Task goal:
Write out all the records exactly, and keep any images out.

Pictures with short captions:

________________________

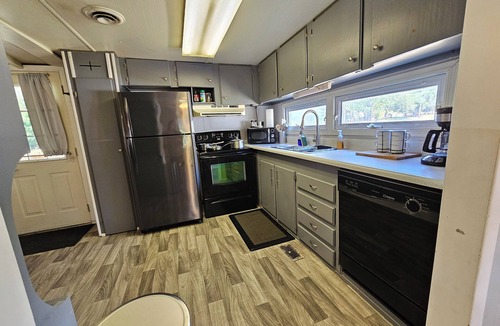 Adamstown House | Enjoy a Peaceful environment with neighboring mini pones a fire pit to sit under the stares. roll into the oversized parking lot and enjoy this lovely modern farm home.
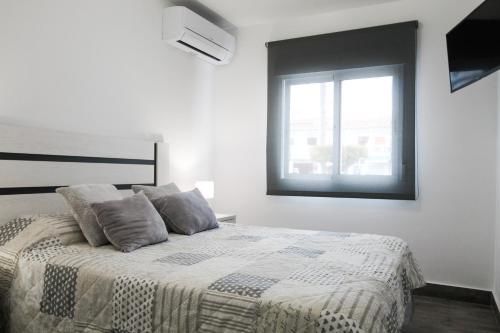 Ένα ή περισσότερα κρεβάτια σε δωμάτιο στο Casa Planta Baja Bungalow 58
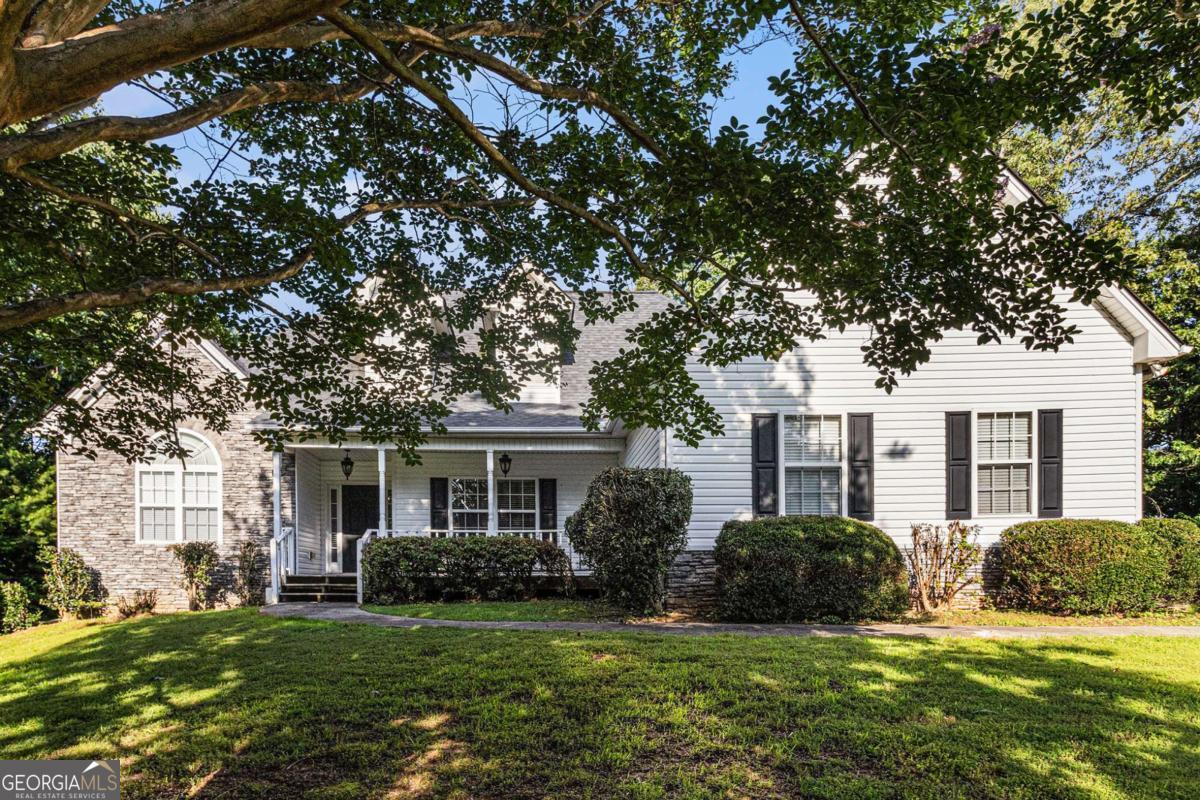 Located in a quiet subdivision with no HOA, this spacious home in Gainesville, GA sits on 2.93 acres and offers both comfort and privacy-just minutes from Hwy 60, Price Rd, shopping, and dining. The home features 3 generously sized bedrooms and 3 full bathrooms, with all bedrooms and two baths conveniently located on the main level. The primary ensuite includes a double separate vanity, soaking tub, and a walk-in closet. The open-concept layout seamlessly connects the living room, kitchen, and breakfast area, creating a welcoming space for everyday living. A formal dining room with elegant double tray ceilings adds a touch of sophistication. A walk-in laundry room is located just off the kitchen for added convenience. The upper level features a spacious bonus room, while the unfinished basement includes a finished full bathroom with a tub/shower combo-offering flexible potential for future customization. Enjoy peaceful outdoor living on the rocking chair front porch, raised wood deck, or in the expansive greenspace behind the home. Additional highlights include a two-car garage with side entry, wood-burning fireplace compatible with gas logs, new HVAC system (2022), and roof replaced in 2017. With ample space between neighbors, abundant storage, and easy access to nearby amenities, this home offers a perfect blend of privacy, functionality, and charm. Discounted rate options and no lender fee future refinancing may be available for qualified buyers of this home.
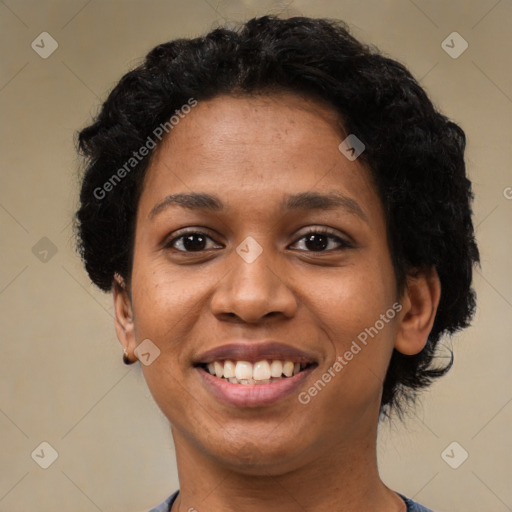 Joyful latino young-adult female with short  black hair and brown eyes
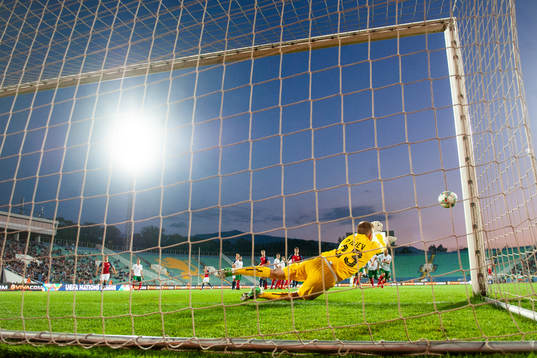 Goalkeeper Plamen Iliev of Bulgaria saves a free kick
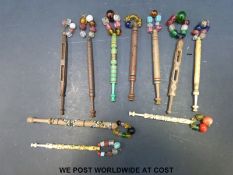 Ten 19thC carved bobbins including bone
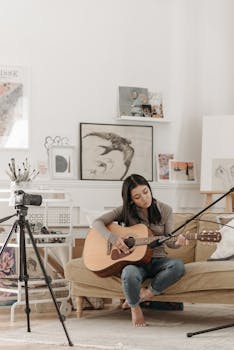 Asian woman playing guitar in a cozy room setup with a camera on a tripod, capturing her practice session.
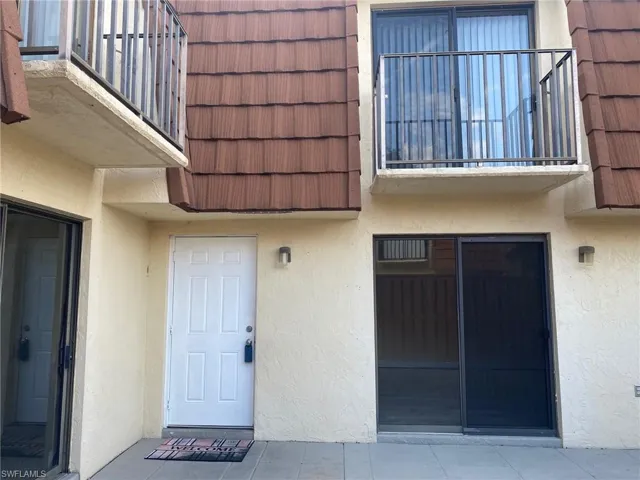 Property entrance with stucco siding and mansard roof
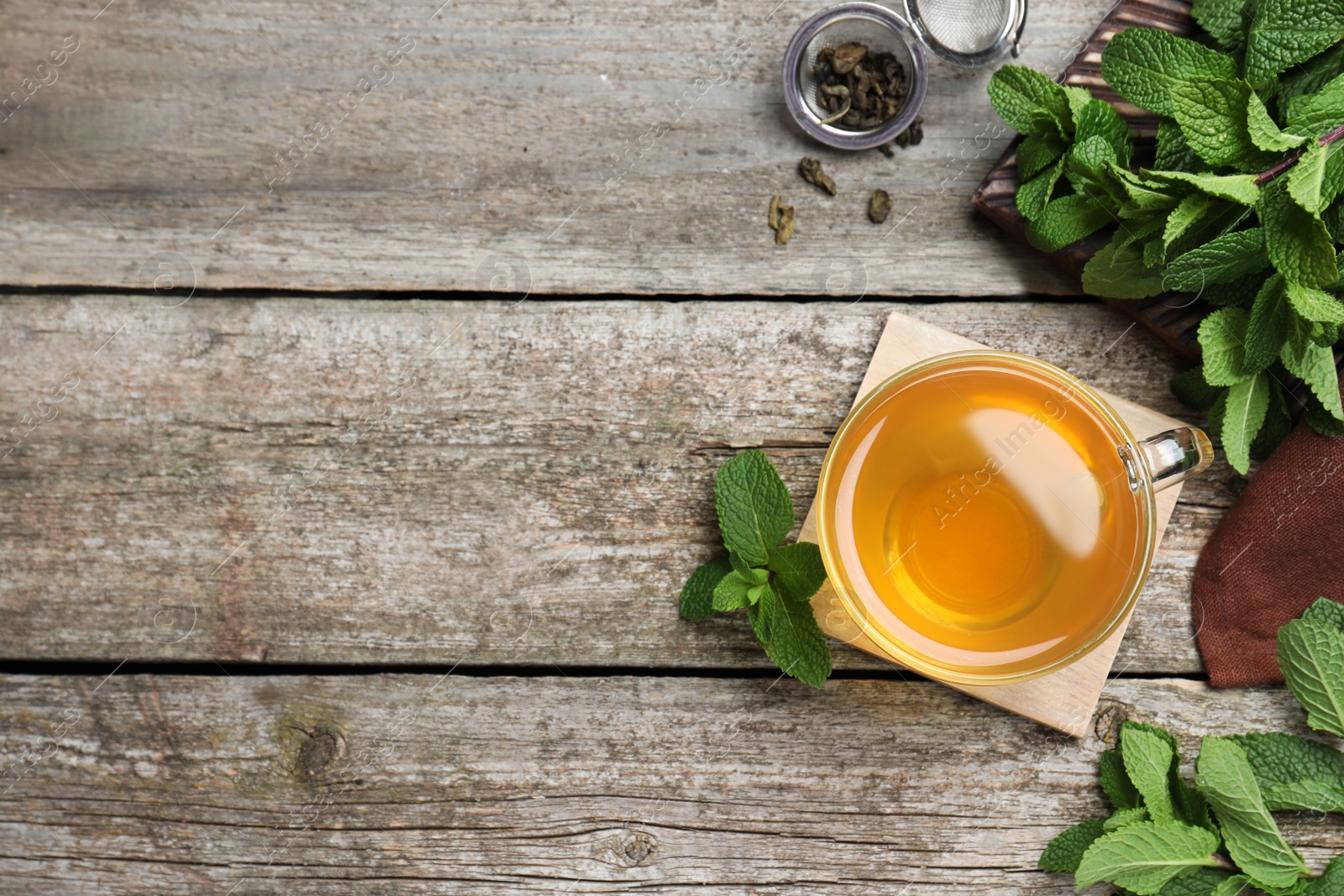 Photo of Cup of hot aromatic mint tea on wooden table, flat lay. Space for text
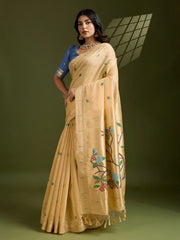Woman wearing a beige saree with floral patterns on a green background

________________________

Solution to the problem:
 Adamstown House | Enjoy a Peaceful environment with neighboring mini pones a fire pit to sit under the stares. roll into the oversized parking lot and enjoy this lovely modern farm home.
 Ένα ή περισσότερα κρεβάτια σε δωμάτιο στο Casa Planta Baja Bungalow 58
 Located in a quiet subdivision with no HOA, this spacious home in Gainesville, GA sits on 2.93 acres and offers both comfort and privacy-just minutes from Hwy 60, Price Rd, shopping, and dining. The home features 3 generously sized bedrooms and 3 full bathrooms, with all bedrooms and two baths conveniently located on the main level. The primary ensuite includes a double separate vanity, soaking tub, and a walk-in closet. The open-concept layout seamlessly connects the living room, kitchen, and breakfast area, creating a welcoming space for everyday living. A formal dining room with elegant double tray ceilings adds a touch of sophistication. A walk-in laundry room is located just off the kitchen for added convenience. The upper level features a spacious bonus room, while the unfinished basement includes a finished full bathroom with a tub/shower combo-offering flexible potential for future customization. Enjoy peaceful outdoor living on the rocking chair front porch, raised wood deck, or in the expansive greenspace behind the home. Additional highlights include a two-car garage with side entry, wood-burning fireplace compatible with gas logs, new HVAC system (2022), and roof replaced in 2017. With ample space between neighbors, abundant storage, and easy access to nearby amenities, this home offers a perfect blend of privacy, functionality, and charm. Discounted rate options and no lender fee future refinancing may be available for qualified buyers of this home.
 Joyful latino young-adult female with short  black hair and brown eyes
 Goalkeeper Plamen Iliev of Bulgaria saves a free kick
 Ten 19thC carved bobbins including bone
 Asian woman playing guitar in a cozy room setup with a camera on a tripod, capturing her practice session.
 Property entrance with stucco siding and mansard roof
 Photo of Cup of hot aromatic mint tea on wooden table, flat lay. Space for text
Woman wearing a beige saree with floral patterns on a green background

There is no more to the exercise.